I recently graduated from college with honors, 4.0 G.P.A, while maintaining a full-time job and still spent two hours a day, 5 days a week "becoming the Anti-Bob".  I actually believe that my training and strict diet supplemented my mind to help me achieve those goals.  I now work in photovoltaics trying to help solve one of our planets largest problems, lack of energy.  So don't come over here flexing your melon, cause many of us can flex ours as well.


----------



## MeanCuts (Aug 27, 2003)

> _*Originally posted by maniclion *_
> In response to Dankjones'
> 
> I recently graduated from college with honors, 4.0 G.P.A, while maintaining a full-time job and still spent two hours a day, 5 days a week "becoming the Anti-Bob".  I actually believe that my training and strict diet supplemented my mind to help me achieve those goals.  I now work in photovoltaics trying to help solve one our planets largest problems, lack of energy.



Girlfriend? ~lol~


----------



## RCfootball87 (Aug 30, 2003)

> _*Originally posted by dankjones *_
> Edit: You wanted to know what I've done. This year I re-learned Algebra 1 & 2 and have started teaching myself College Algebra. I'm taking the class next semester, but I plan on being able to pass the class the day I walk in the door.

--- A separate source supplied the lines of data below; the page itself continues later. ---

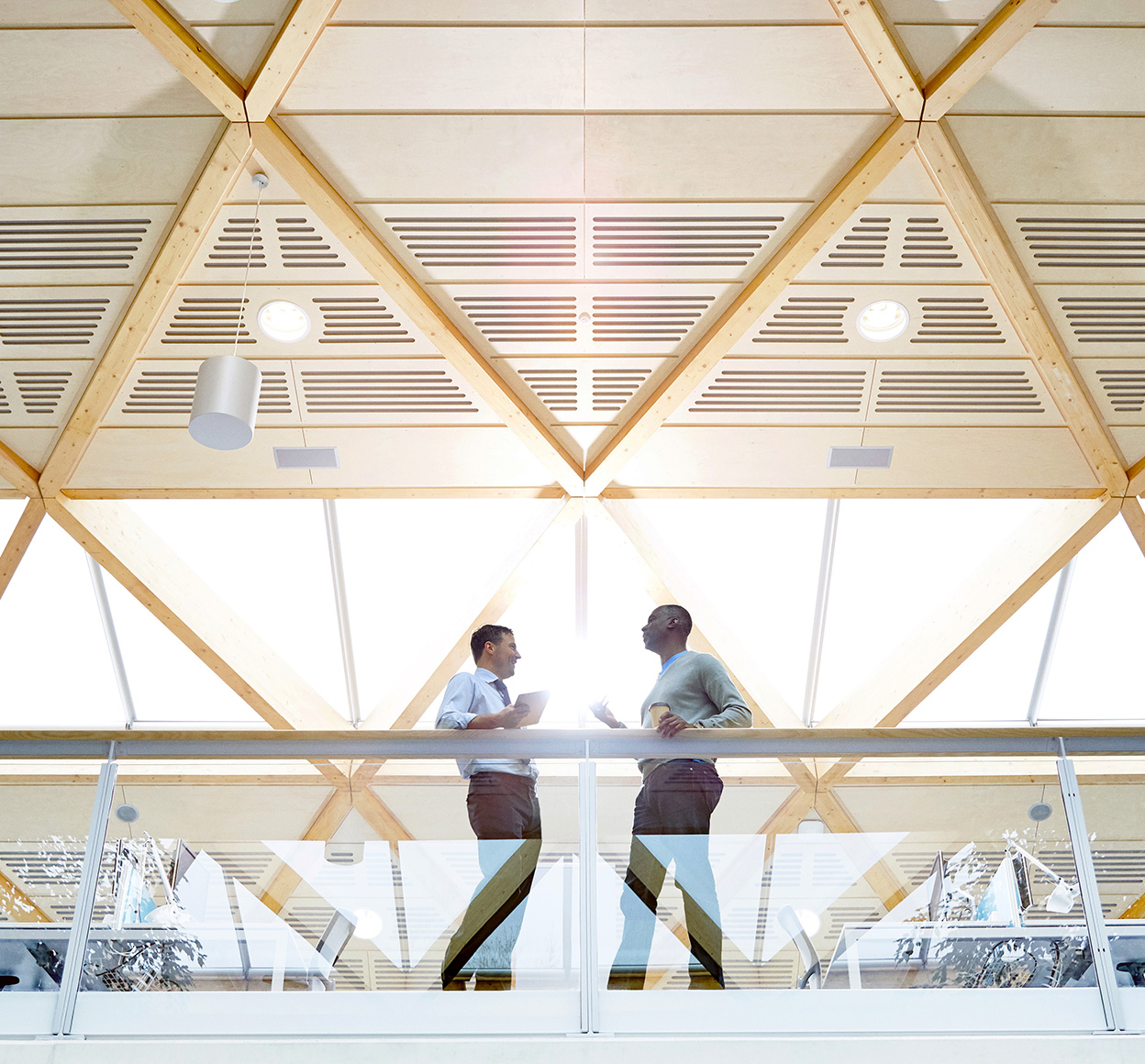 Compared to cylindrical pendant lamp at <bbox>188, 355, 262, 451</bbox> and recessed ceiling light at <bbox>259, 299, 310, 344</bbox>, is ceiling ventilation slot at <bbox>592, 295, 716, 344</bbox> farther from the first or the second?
cylindrical pendant lamp at <bbox>188, 355, 262, 451</bbox>

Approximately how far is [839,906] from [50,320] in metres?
6.01

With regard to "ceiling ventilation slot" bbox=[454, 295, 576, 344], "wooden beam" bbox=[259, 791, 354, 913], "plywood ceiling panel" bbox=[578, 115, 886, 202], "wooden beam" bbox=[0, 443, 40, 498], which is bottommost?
"wooden beam" bbox=[259, 791, 354, 913]

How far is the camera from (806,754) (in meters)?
4.77

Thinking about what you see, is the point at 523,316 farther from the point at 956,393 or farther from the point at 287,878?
the point at 287,878

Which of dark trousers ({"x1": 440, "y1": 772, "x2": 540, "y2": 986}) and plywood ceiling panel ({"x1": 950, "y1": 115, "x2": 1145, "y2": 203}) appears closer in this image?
dark trousers ({"x1": 440, "y1": 772, "x2": 540, "y2": 986})

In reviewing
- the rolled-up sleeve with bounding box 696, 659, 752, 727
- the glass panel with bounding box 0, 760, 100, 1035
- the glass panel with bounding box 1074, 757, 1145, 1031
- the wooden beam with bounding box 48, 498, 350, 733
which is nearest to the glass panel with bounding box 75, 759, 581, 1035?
the glass panel with bounding box 0, 760, 100, 1035

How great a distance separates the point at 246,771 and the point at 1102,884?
3396mm

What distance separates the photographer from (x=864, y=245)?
722 centimetres

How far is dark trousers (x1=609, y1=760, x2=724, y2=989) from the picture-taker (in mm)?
4480

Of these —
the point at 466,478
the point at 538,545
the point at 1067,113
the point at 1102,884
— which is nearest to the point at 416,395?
the point at 466,478

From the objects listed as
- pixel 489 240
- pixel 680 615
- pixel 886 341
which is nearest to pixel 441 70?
pixel 489 240

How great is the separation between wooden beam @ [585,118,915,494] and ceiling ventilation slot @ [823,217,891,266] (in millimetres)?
156

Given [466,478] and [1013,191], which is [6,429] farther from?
[1013,191]

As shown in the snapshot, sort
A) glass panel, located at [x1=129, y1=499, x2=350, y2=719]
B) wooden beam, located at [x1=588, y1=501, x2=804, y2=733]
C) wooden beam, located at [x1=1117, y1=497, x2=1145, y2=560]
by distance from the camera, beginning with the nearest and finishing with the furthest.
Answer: wooden beam, located at [x1=1117, y1=497, x2=1145, y2=560] < wooden beam, located at [x1=588, y1=501, x2=804, y2=733] < glass panel, located at [x1=129, y1=499, x2=350, y2=719] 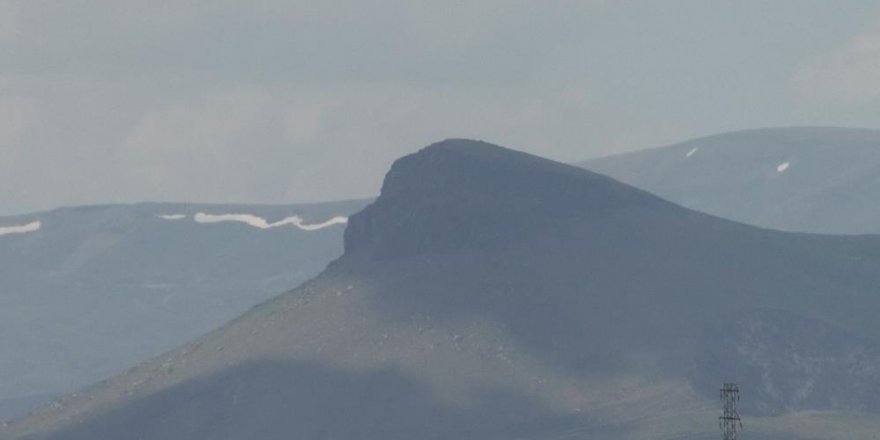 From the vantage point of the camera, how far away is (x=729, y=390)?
6358 inches

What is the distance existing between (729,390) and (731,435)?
343cm

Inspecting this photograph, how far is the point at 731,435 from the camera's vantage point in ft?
522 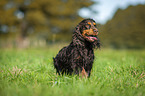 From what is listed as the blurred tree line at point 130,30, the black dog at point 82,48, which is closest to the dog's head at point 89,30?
the black dog at point 82,48

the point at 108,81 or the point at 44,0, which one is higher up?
the point at 44,0

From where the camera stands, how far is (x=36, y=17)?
17.6 m

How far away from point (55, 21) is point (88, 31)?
17643mm

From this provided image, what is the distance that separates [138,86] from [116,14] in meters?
23.6

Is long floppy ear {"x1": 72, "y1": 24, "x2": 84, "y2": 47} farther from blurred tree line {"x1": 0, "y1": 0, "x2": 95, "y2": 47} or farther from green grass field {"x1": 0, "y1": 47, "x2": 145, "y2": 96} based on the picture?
blurred tree line {"x1": 0, "y1": 0, "x2": 95, "y2": 47}

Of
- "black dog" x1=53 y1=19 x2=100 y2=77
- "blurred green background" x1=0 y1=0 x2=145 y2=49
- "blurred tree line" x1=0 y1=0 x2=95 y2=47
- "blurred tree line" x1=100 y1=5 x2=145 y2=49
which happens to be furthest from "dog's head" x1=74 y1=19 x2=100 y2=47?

I'm taking honors college algebra at 15, and I gained 30 pounds of muscle since 8 months ago, and I don't think either of those are impressive.  I don't know about you guys, but I'm not easily impressed by either.  Weight lifting has really helped turn me more into a man instead of a boy personally.  More than football even, and thats what football is supposed to be good for.  It's taught me discipline, hard work, setting goals, and most important humility- every time you think you're a stud, someone's bigger and stronger.  Is it wrong to be proud that I'm more dedicatied to lifting than anyone else I know? I dont think so.  Does that mean I have a mental illness?  All I know is I'm stronger physically because of lifting weights, and getting stronger mentally because of getting stronger physically.  They are one in the same to me.


----------



## gr81 (Aug 30, 2003)

well put RC.


----------



## Tha Don (Aug 31, 2003)

wow

that was great!

some good lines in that... that i think everyone who dose weights seriously can relate too

certainly motivated me to stick at it

top stuff!


----------



## y2gt (Sep 2, 2003)

Great Article!  I can't wait to go to the gym. Today is my off day...i'll be there tommorow pumped and ready to get sore.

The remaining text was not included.